Assembly.Lie – Using Transactional NTFS and API Hooking to Trick the CLR into Loading Your Code “From Disk”
Assembly.Load, a method that has been one of the primary reasons for the meteoric rise in offensive tooling written in C# over the past few years. Its most commonly used overload in offensive tooling – Assembly.Load(byte) allows for memory-only loading of .Net assembly objects (.exe / .dll) directly from a byte array representing the object’s contents, effectively granting the ability to reflectively load and execute a program entirely in memory in just 2-3 lines of code. This has enabled all sorts of multi-staged payloads, modular program functionality, and fileless post-exploitation operations.
A few months back some tooling I was working on caused me to take a closer look into the mechanisms behind loading assemblies into the .net Common Language Runtime (CLR). I found that while Assembly.Load has several overloads that all correspond to the same managed method, the unmanaged functions they call vary quite drastically. Through this process, I attempted to determine if it would be possible to intercept the function calls used by the CLR to load an assembly from disk, which would allow us to return spoofed data and trick it into thinking a non-existent assembly was being loaded from an on-disk location. I believed it to be possible as at the end of the day, regardless of if an assembly is loaded from an on-disk file or a byte array directly, the code being executed is simply a series of bytes that exists in a pre-defined region of memory.

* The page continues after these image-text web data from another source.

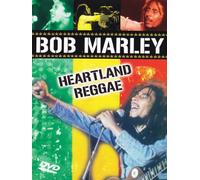 Bob Marley-Heartland Reggae [Import]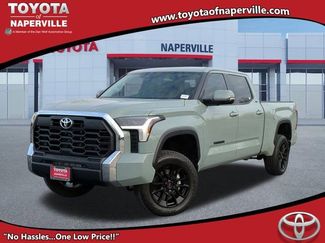 Used 2024 Toyota Tundra SR5 w/ TRD Off-Road Premium Package video 1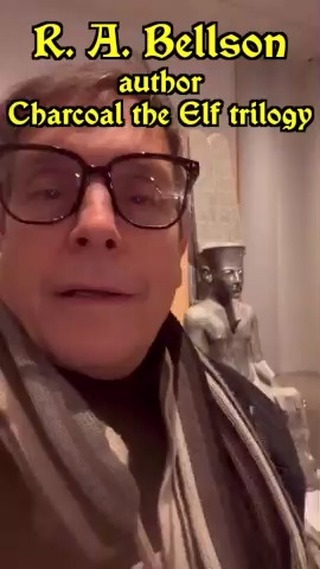 Were the Pharaohs ELVES??
Would it surprise you if they were?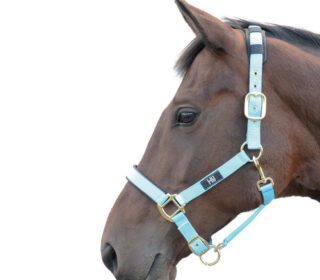 Hy Deluxe Headcollar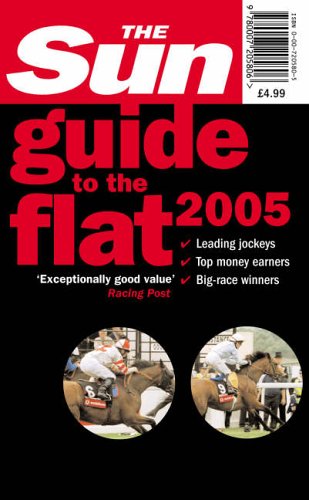 Book The Sun Guide To The Flat 2005 free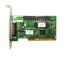 Picture of HP A6961A 64bit 133MHz Dual Channel PCI-X Ultra320 SCSI Host Bus Adapter | New Bulk Pack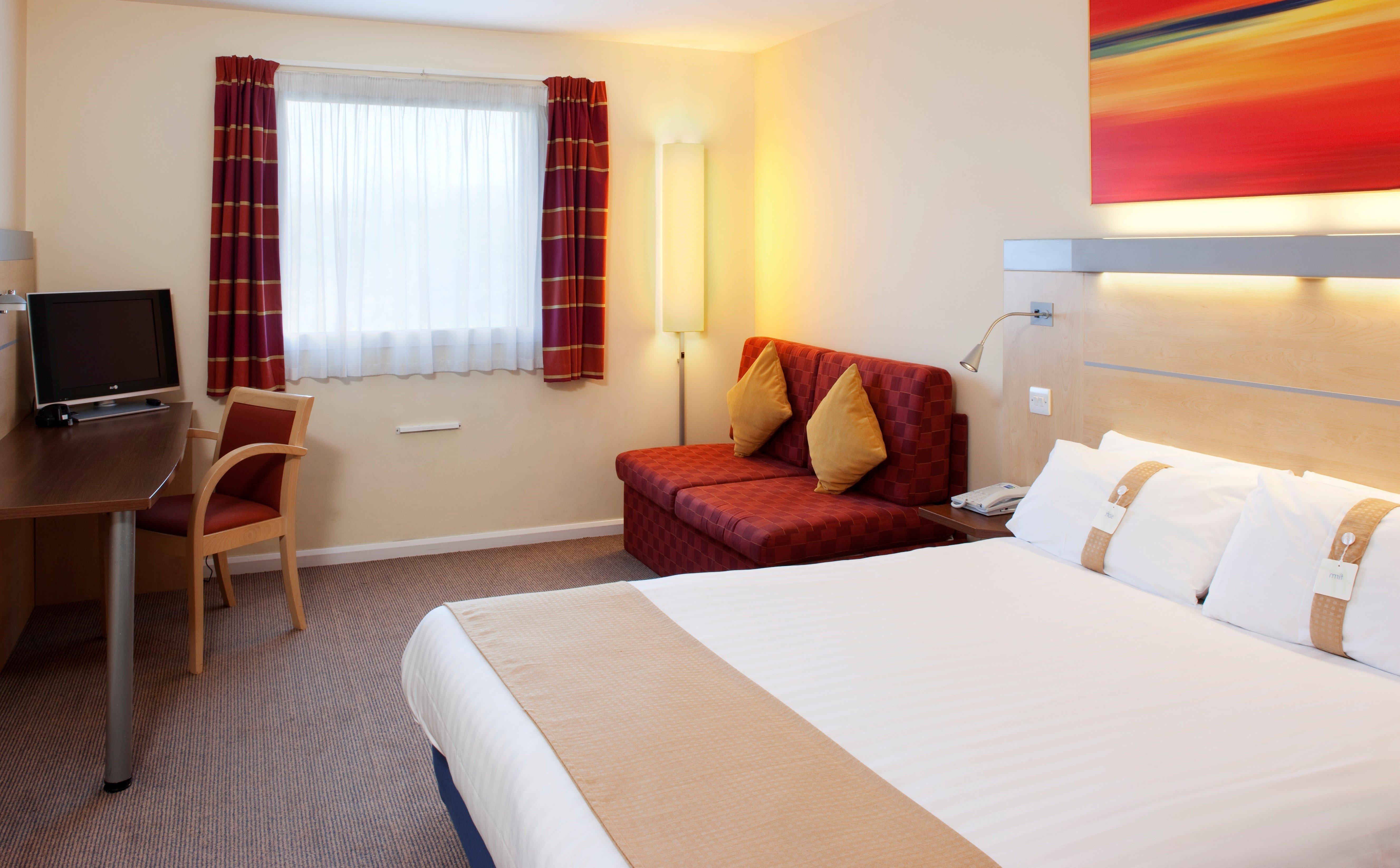 Express Airport, An Ihg Hotel Cardiff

Why does this matter? Due to AMSI only scanning assemblies loaded directly from (what the CLR believes to be) memory, this technique would serve as another category of AMSI bypass. Secondly, this function serves as a prototype that can be implemented for other .net assembly loading methods which provide additional functionality over the traditional Assembly.Load call, but which historically have not been used due to their reliance on loading from disk. Finally, inspection of assemblies loaded into a process via this technique would show that they appear to be backed by a (nonexistent) file on disk.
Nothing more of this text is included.